オピニオンリーダーである御社の使命ですね
弊社のフラッグシップマシンであるマルチタスキングマシン(複合加工機)は、まさに体現した製品でしょう。1台で全工程の集約加工が可能で、新たな加工ワークの立ち上げの際の少量生産から、量産加工、その後のアフターマーケット用(減生産) も視野に入れたマシンです。パーツの生産が終了した後は、即座に他のライン組み換えも容易です。1981年に発表した、世界初の対話式プログラミングのCNC装置「MAZATROL」の第7世代となる同CNC「Smooth」は11月23日から開催されるASEAN最大の工作機械展示会「METALEX」で体感してください。

海外歴が長いと聞きました
学生時代から、MAZAKの技術力と経営方針に惚れ、一本釣りだったんです。海外赴任は、ブラジル(サンパウロ)、シンガポールに次いで3ヵ国目です。実は、アジア担当をしていた際の2002年に、タイ市場のマーケティングを開始し、03年のタイ現地法人設立を担当したこともあり、今回の着任は自然と縁を感じずにはいられませんでした。

異国でのマネジメントは、いかがでしょう
国が違えば、文化・風習などまったく異なります。

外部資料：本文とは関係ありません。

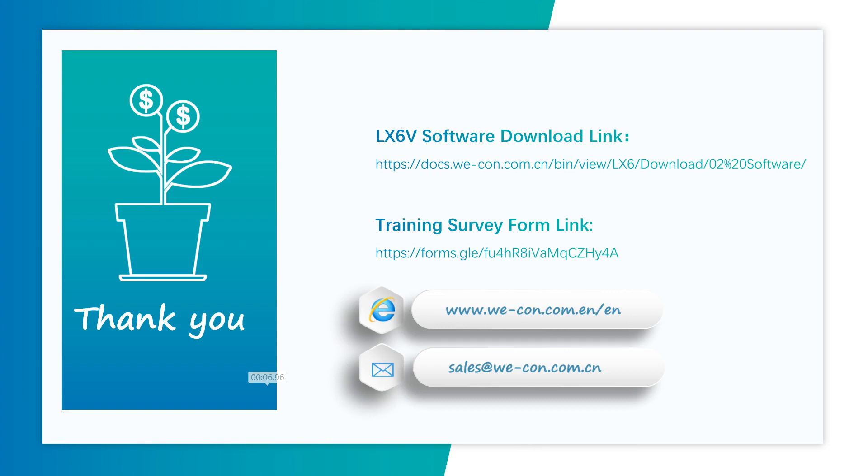Okay, this is today's training. I will put the training video and materials in the form link provided. There are also some simple questions about this training in the form link, so you can check it when you have time. Our next training will be next Tuesday. I will introduce FB and FC functions — what they are, how they work, and how to build a custom FB and FC. Thank you for listening.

日系企業流を押し付けるのではなく、良い面を生かしながら、タイの文化に根付いた運営=ハイブリッド方式で挑んでいます。グローバル企業(海外依存8割以上)らしく、7月からは英語の苦手なスタッフ向けに語学教室を開いています。

タイはいかがですか
ゴルフは避けられませんが、カラダを動かすことが好きなので、テニスや筋トレに励んでいます。カラダは丈夫な方で、風邪の類で病気になったことはないですね。親に頂戴した丈夫なカラダを維持しています。


 

編集後記
工作機械メーカーの御三家「MAZAK」。1981年には、世界初の対話式プログラミングCNC装置「MAZATROL」を送り出し、第7世代となる同CNC「Smooth」は、製造現場にイノベーションをもたらした。井戸氏に、オピニオンリーダーであり続ける秘訣を聞くと「Something Newのない開発者はいませんから」との返答。同社では、今ある製品の改良程度では許されないという。立ち上げ担当から十数年を経てのトップ登板の力投に期待大。(北)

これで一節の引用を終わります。